張偉很欣賞一個能夠走出陰影,並且重新笑著面對生活的人。

他知道,不止是外科醫生,很多律師在上庭經歷第一次失敗後,他們大概率也會轉行。

而傑西卡,顯然是從外科醫生的陰影中走了出來,並且在心理學上發光發熱,甚至取得了更高的成就。
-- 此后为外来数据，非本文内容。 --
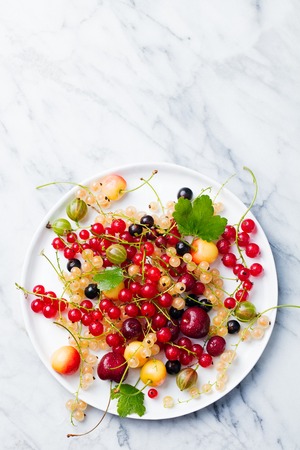 Fresh berries on a white plate. Marble background. Copy space. Top viewの写真素材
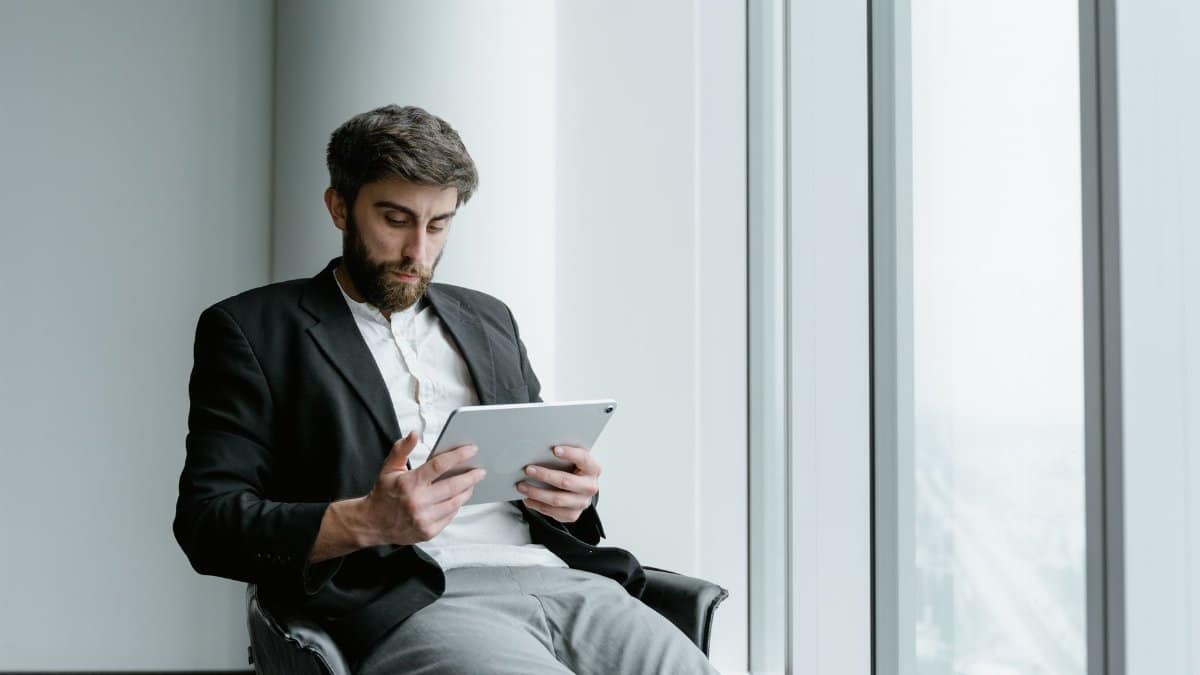 A man in formal attire working on a tablet while seated by a large office window.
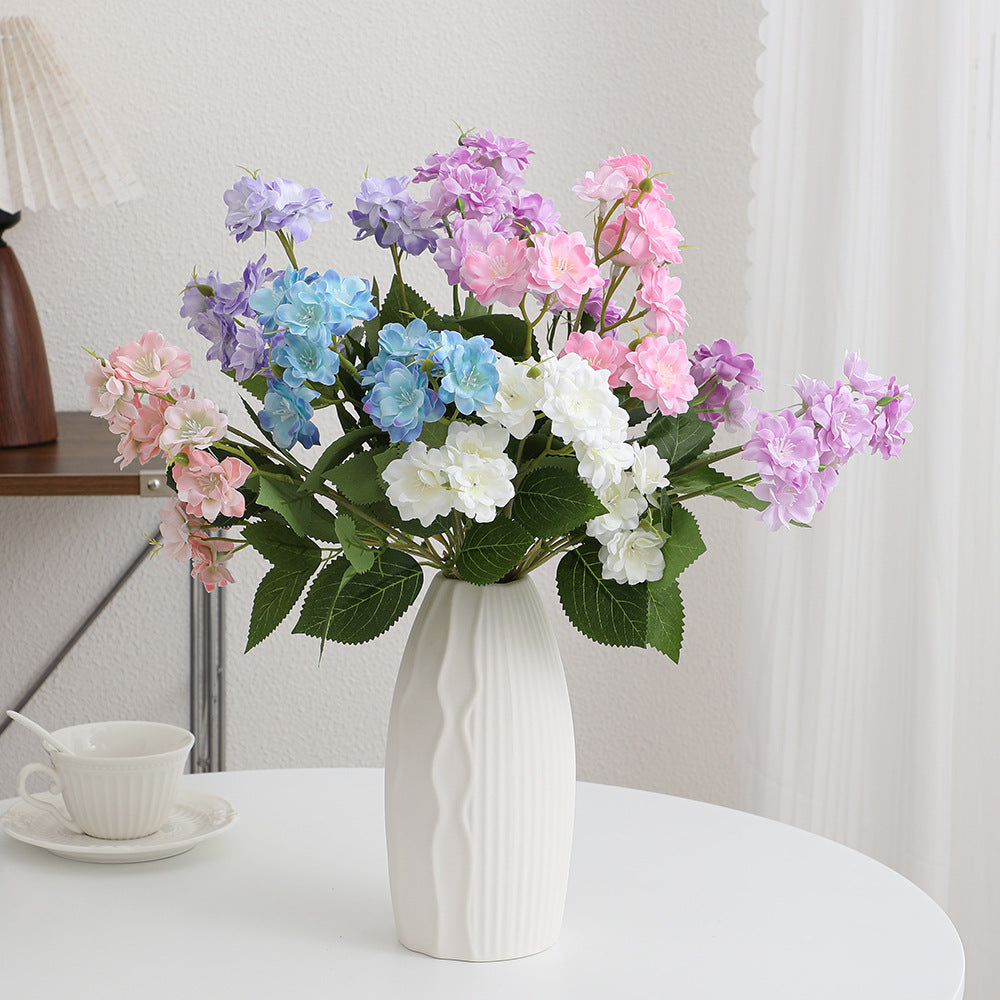 Kunstblumenarrangement mit zarten weißen Blüten Karnz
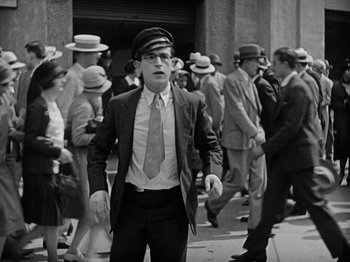Movie still from “Speedy” (1928), directed by Ted Wilde – A man wearing a hat and a tie standing in front of a group of people; Medium shot, Low angle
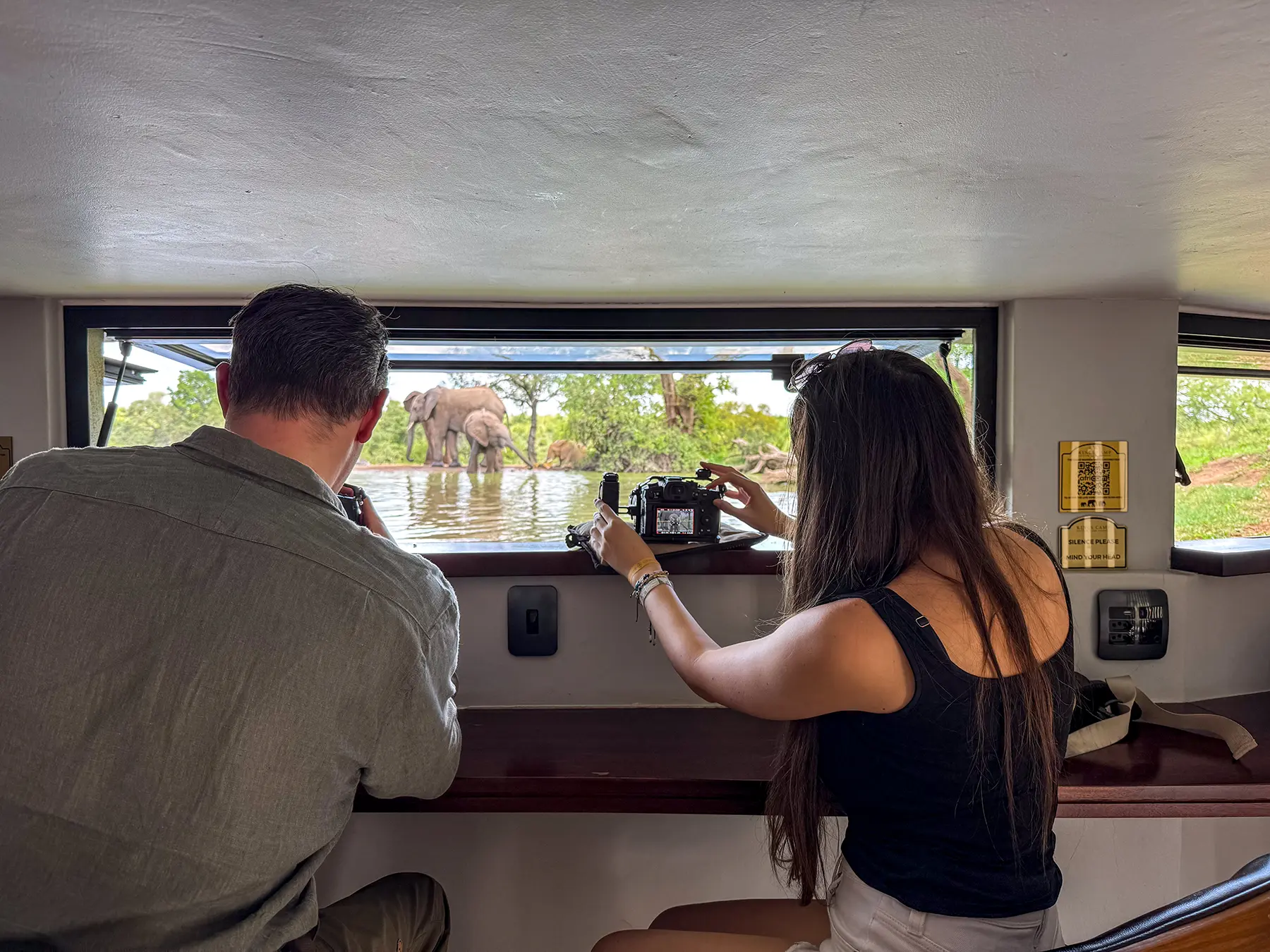 Ella McKendrick and a fellow guest filming elephants at a waterhole from a photography hide on safari in the Timbavati Private Nature Reserve, South Africa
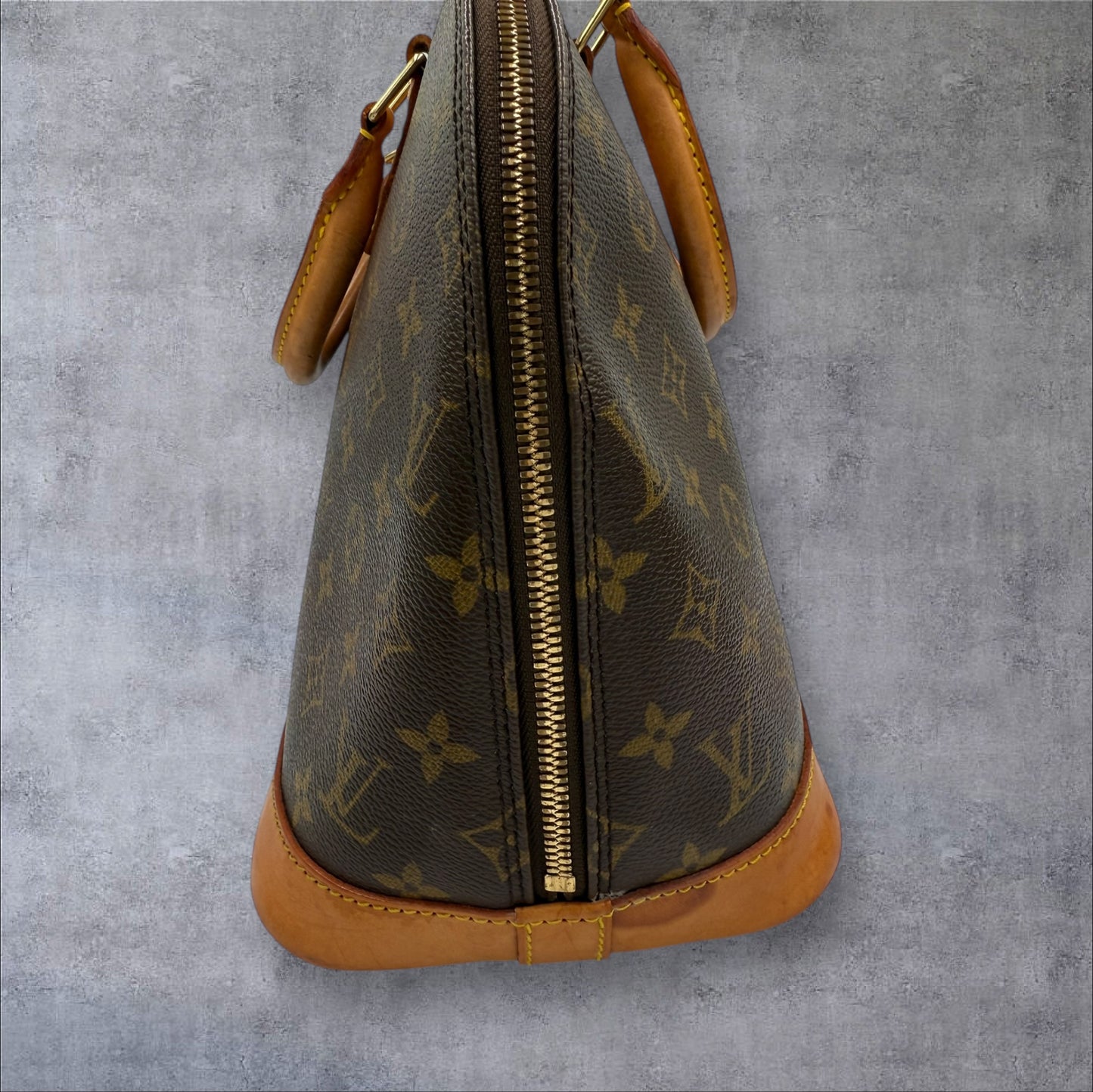 314. Louis Vuitton Monogram Alma PM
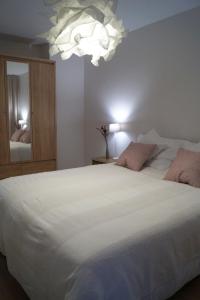 Un dormitorio con una gran cama blanca y una lámpara de araña. en EASY RENT Apartments- Kazimierz Dolny Doły 4 lok 4 en Kazimierz Dolny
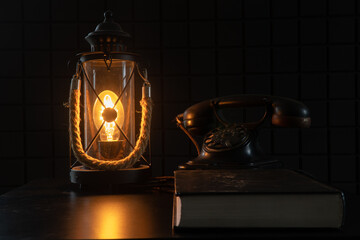 Vintage lamp and telephone. A study with rarities. A cozy atmospheric photo that transports us to another century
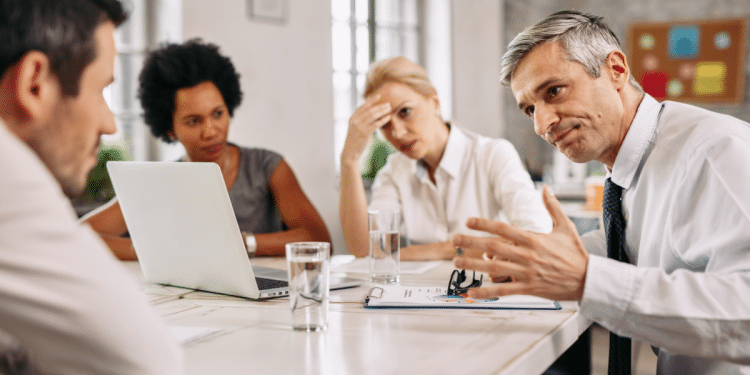 Equipe discute soluções em reunião corporativa com tensão aparente.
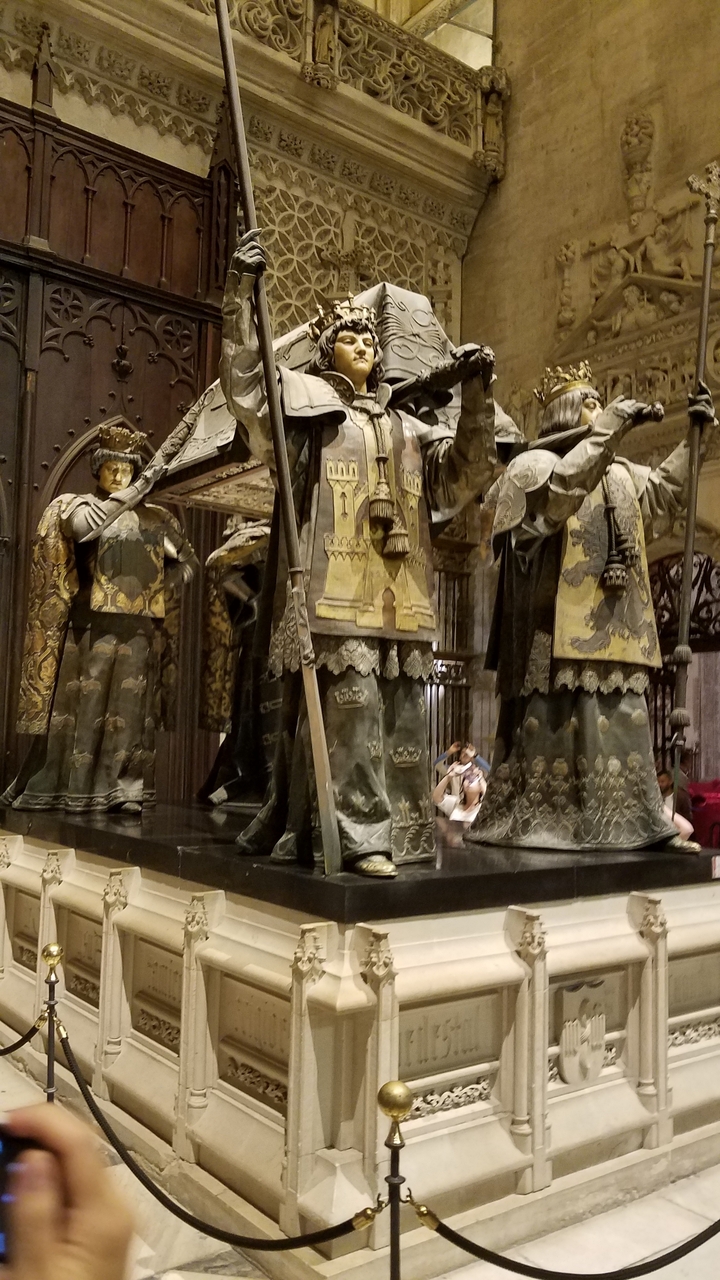 Des statues vêtues de tenues élaborées avec des personnes en arrière-plan.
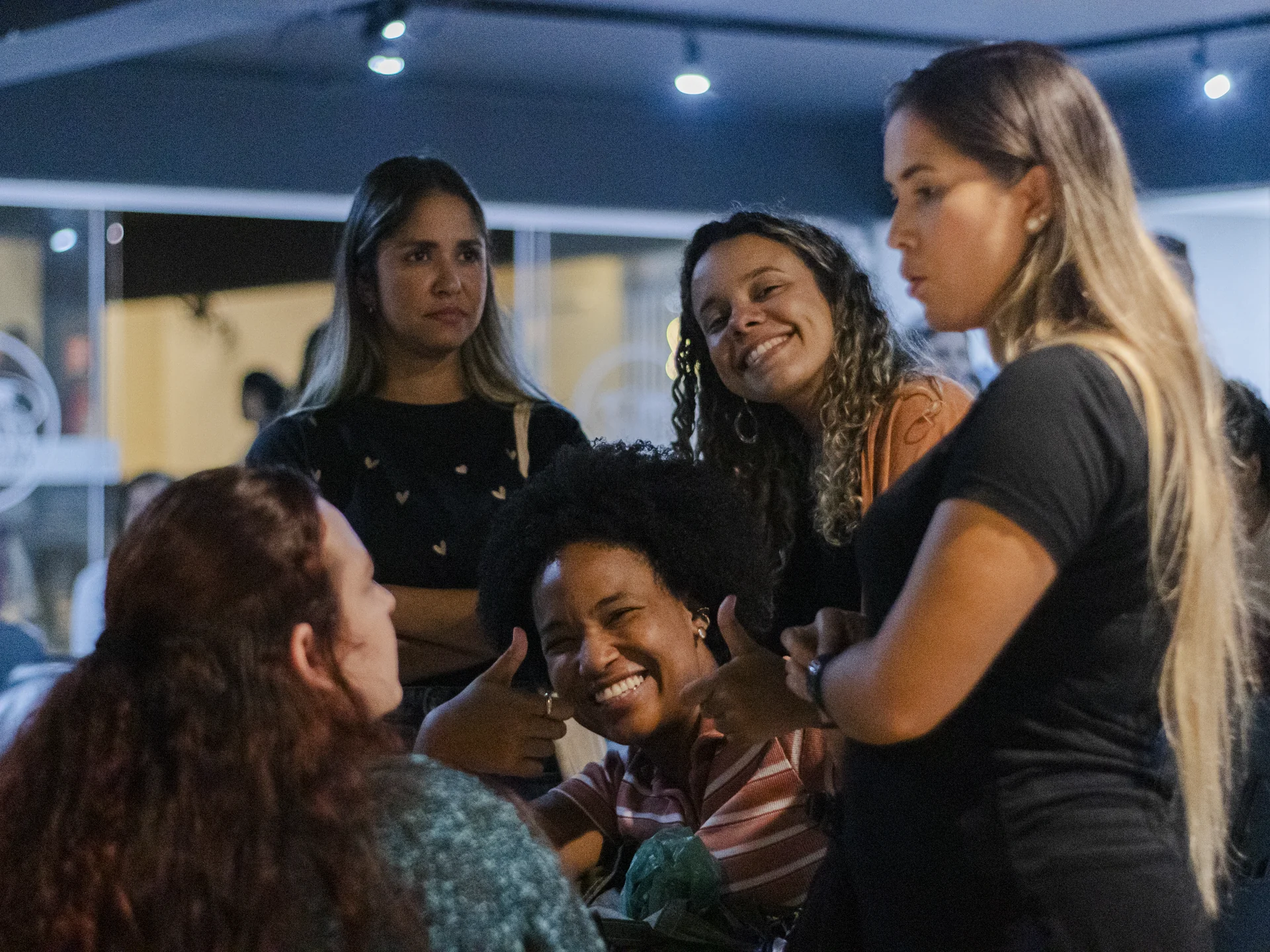 Grupo de mulheres conversando ao redor de uma mesa, com uma participante fazendo sinal de positivo.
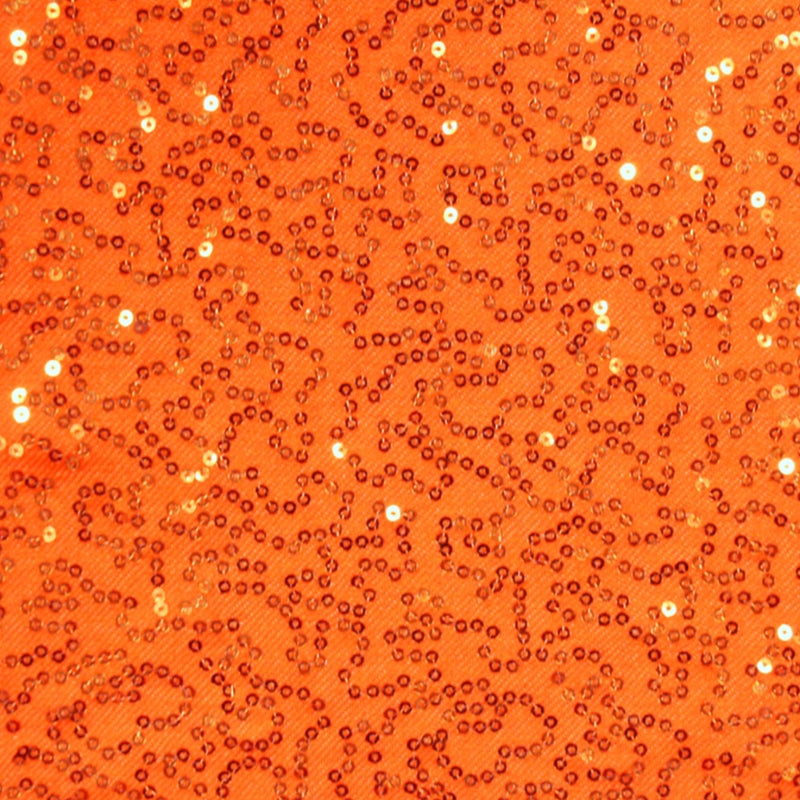 A flat sample of edgy stretch twill sequin in the color orange.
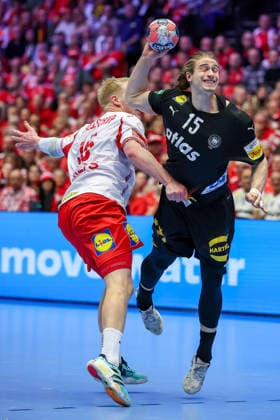 26 01 2026, Handball, Men s EHF EURO 2026, Germany Denmark, Jyske Bank Boxen in Herning, Denmark, Main Round Juri Knorr Germany 15 in duel against Magnus Saugstrup Jensen Denmark 15 throws the ball at the goal Denmark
「張偉,我和你很像,我們都曾遭受過挫折,但你卻比我更快的爬了起來。」

傑西卡聊著,話題又轉回到了張偉的身上。

「你曾經自嘲過自己,當了別人的所謂舔狗,但你卻很快走出了陰影,甚至還讓看不起你的人付出了代價,你的表現比我更出色。」

傑西卡聊起其他人,就恢復成了那個自信篤定的心理醫生,綻放著迷人微笑。

「呃……」

張偉聽到這件事,有些無語。

這不是自己出色,而是因為自己不是原主。

不過這件事,他說出去都沒人信。

「對了,傑西卡,你不是不回去嗎,那你過年時打算怎麼過呢?」

「嗯,我可能在公寓吧,一個人住挺好的。」

「要不,去我那兒過年唄,不瞞你說,我家房子還蠻大的……」

見傑西卡這麼說,張偉突然提議。

「嗯?」傑西卡突然變了一副表情,一臉懷疑的看著張偉。

「咳咳,我是說我租的房子,是一棟大院子,裡頭就住了我一個……呃,還有隔壁家的小孩,趙叔你認識吧,他女兒有時候會住我家樓上。」

「你和我說過,你和趙青岩先生是鄰居,我記著呢。至於他的女兒,我倒是不太清楚。」

「那就對了,你覺得這個提議怎麼樣,一起吃頓飯?」

「可以啊!」

張偉原本沒覺得傑西卡能同意,畢竟貿然邀請一個女孩子來自己家,這換做是誰都會懷疑。

但讓他沒想到的事,傑西卡居然同意了。

「嗯,你同意了?」

「怎麼,我的龍國語難道說得不對嗎?」

「這倒是沒有,只是我很意外,你畢竟是一個女人,貿然答應的話……」

「我不是龍國女人,沒有那些矜持,而且你都誠心邀請了。」

既然傑西卡都這麼說了,張偉自然是滿口答應下來。

這倒不是因為其他原因,他內心發誓,自己只是看不得傑西卡一個人孤苦伶仃而已,真沒有其他的意思。

二人約定了會面時間是下一個周末後,就結束了問診。